And that's all, nothing more! He simply
"parted from them" / "he was lifted up and a cloud took
him out of their sight." And that was the last his
disciples and friends ever saw of Jesus. It’s a rather
bald way of describing that parting moment which we call
the Ascension. There is no farewell party, no formal
speech to mark the occasion, no fuss or fanfare to give
importance to what happened. On the contrary, Luke
gives us the impression that Jesus quietly and simply
slips away.
2. Its not that the event is not important for
Luke. It obviously is if he closes his Gospel and
begins his Acts of the Apostles by telling us about it.
In fact, it is for him a pivotal event; on the one hand
it ends the time which Jesus spent on earth, and on the
other hand it marks the beginning of the life of the
Church. Everything then seems to hinge on Jesus going
back to his Father. While Luke is convinced of the
importance of what happened that day when Jesus led his
disciples out to Bethany, he is also scrupulously honest
in his description of what took place. He knows that
something happened which was quite unique and altogether
unlike all the other things which happened during Jesus
life including the forty days after the resurrection.

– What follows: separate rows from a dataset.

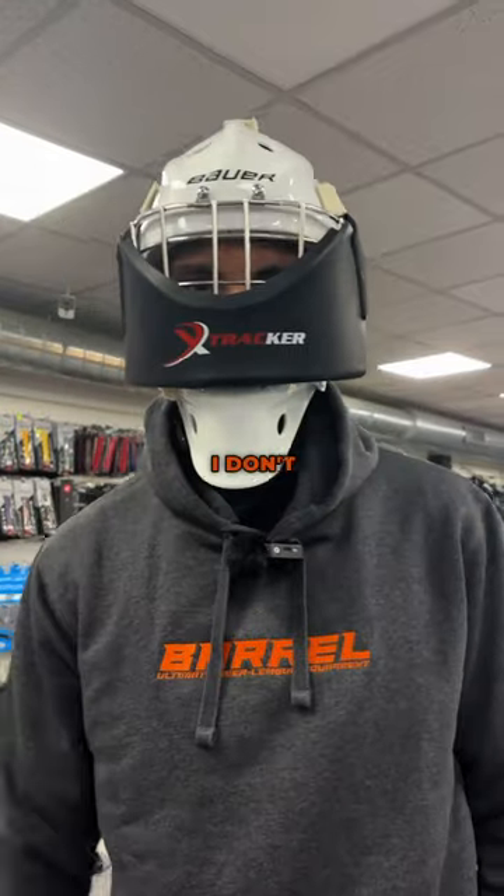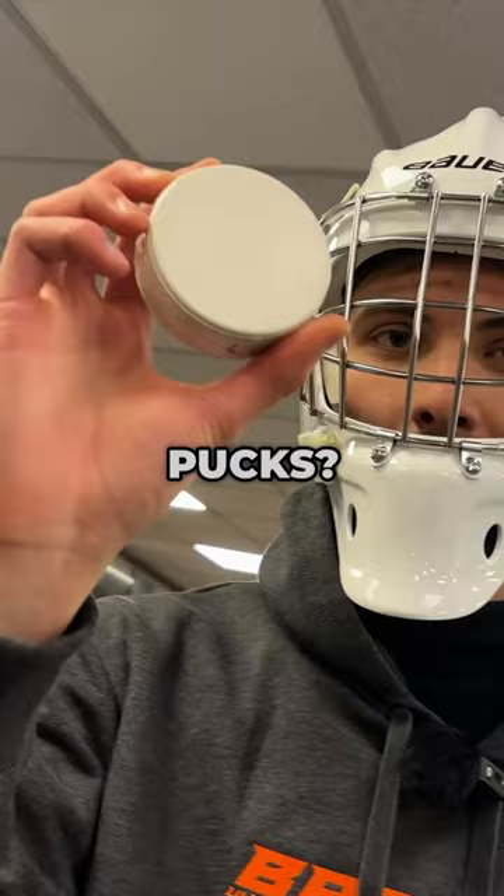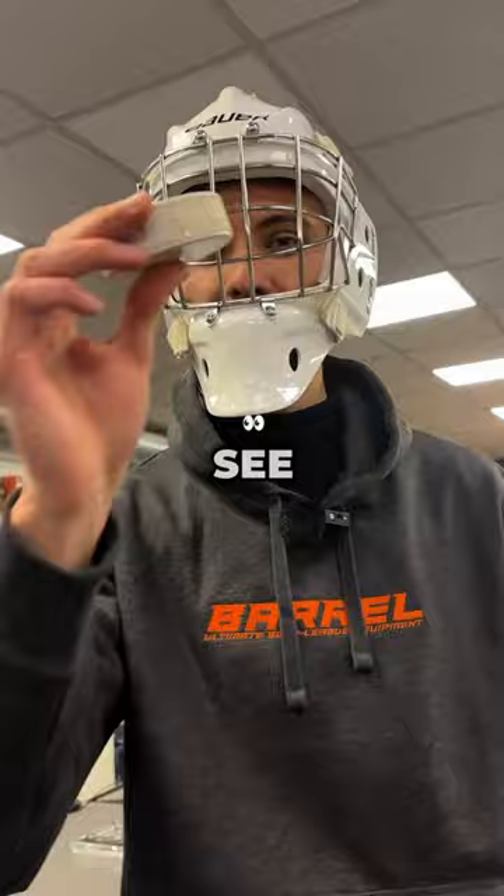Did you know this fact? Have you ever wondered why there's white pucks? It's not because the ice is black, but it's actually because it's a lot harder to see the puck itself.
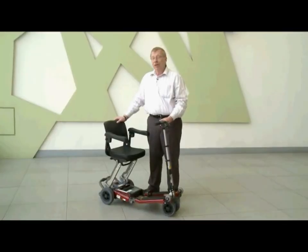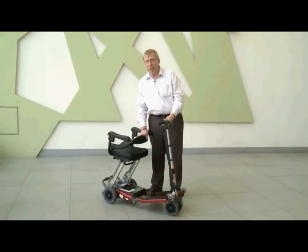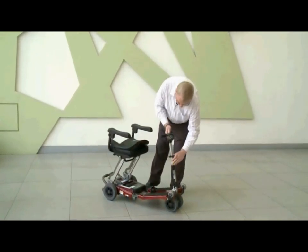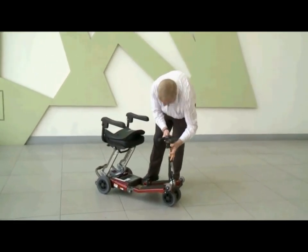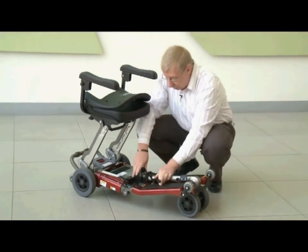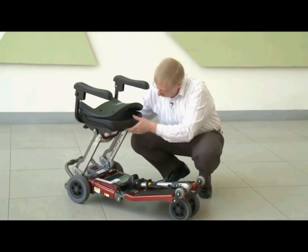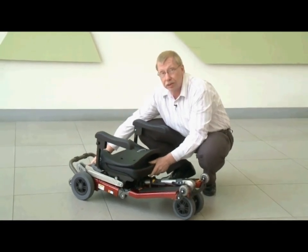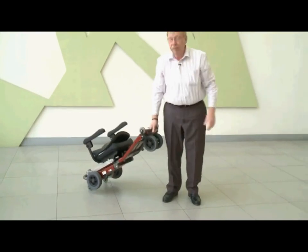There are two ways that you can fold this and bring it with you. First, put the seat back down and lower the handlebars, re-clamp them, open up the bottom clamp and lower the handlebars into place. Next, re-lock the clamp. Now lower the seat into its stowed position and make sure that it's locked. That's it, you're ready to go.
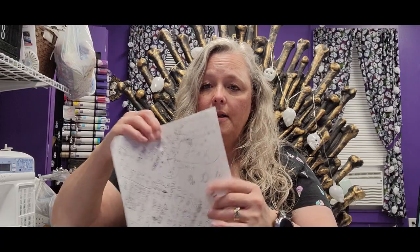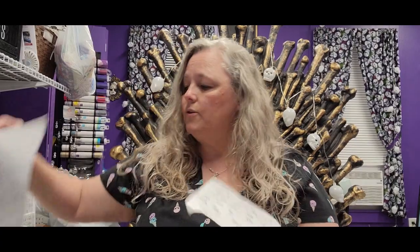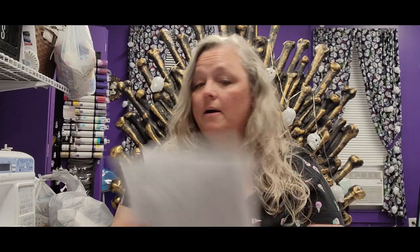I did go ahead and write the pattern as I was going. You can see there were places where I had to scratch out because I messed stuff up. When I get a chance I will get this typed up — maybe not till this weekend, but if anybody wants it just email me at the email address listed below.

Everything else can be described as something which
happened here on earth, but this is something which
begins on earth and ends in heaven. And Luke, like us,
has no idea of what heaven is like, where it is or how
to describe it. So, he makes no attempt to try to
depict or picture it for us. He knows that to attempt
to do so would be a figment of his own imagination.
But he does want to draw our attention to the
fact that something wonderful and of great significance
is taking place. And, of course, that is - that Jesus,
every bit as human as we are (except for sin), with all
the limitations of our human condition and earthly
existence, can simply step into this other world where
all is joy and happiness and eternal life and love. It
all seems so natural and simple - just parting from his
friends, and stepping back into the world from which he
came when he was conceived. The significance is not
lost on Luke. If Jesus can enter so easily and
effortlessly (or so it seems) into this other world
which we call heaven and where the love of God fills
everything, that means the gateway to heaven is now open
to all Jesus' brothers and sisters. No wonder Luke then
ends his Gospel with the words - "And they worshipped
him and returned to Jerusalem with great joy, and were
continually in the temple, blessing God." And so too do
we rejoice and worship the Lord as we recall his
Ascension. And we prayed - "May we follow him into the
new creation, for his ascension is our glory and our
hope."
3. Earth is now wedded to heaven by a bond that
can never be broken. There is now a bridge between this
earth of ours and the kingdom of heaven which can never
be destroyed. It is indestructible because it is a
bridge, not made by human hands, but by the hand of God
in the person of his son, Jesus. And because it is not
of our own making we do not have to be worried or
anxious about it.
We are only too aware of the destructive
forces which we find in our own lives and in the world
of human beings - tendencies so powerfully evoked by
Jane Hamilton in her novel, The Book of Ruth, and
more scientifically by Rollo May in his book Power
and Innocence, subtitled 'A search for the sources
of violence' - forces, barely beneath the surface, which
we find it very hard to control and which can so easily
destroy the good with it takes years to build up. We
know how love and friendship can be ended and torn apart
in an instant by our own reckless and thoughtless
behaviour. And of course we cannot close our eyes to
the frightening power for destruction which is now at
our disposal, forces which can obliterate whole cities
and their inhabitants in a second. That we might dare
to use them is a fact, for we have already done so
several times in the last century. No indeed, there is
no guarantee that we will not destroy the things of our
own making. We continue to do so every day.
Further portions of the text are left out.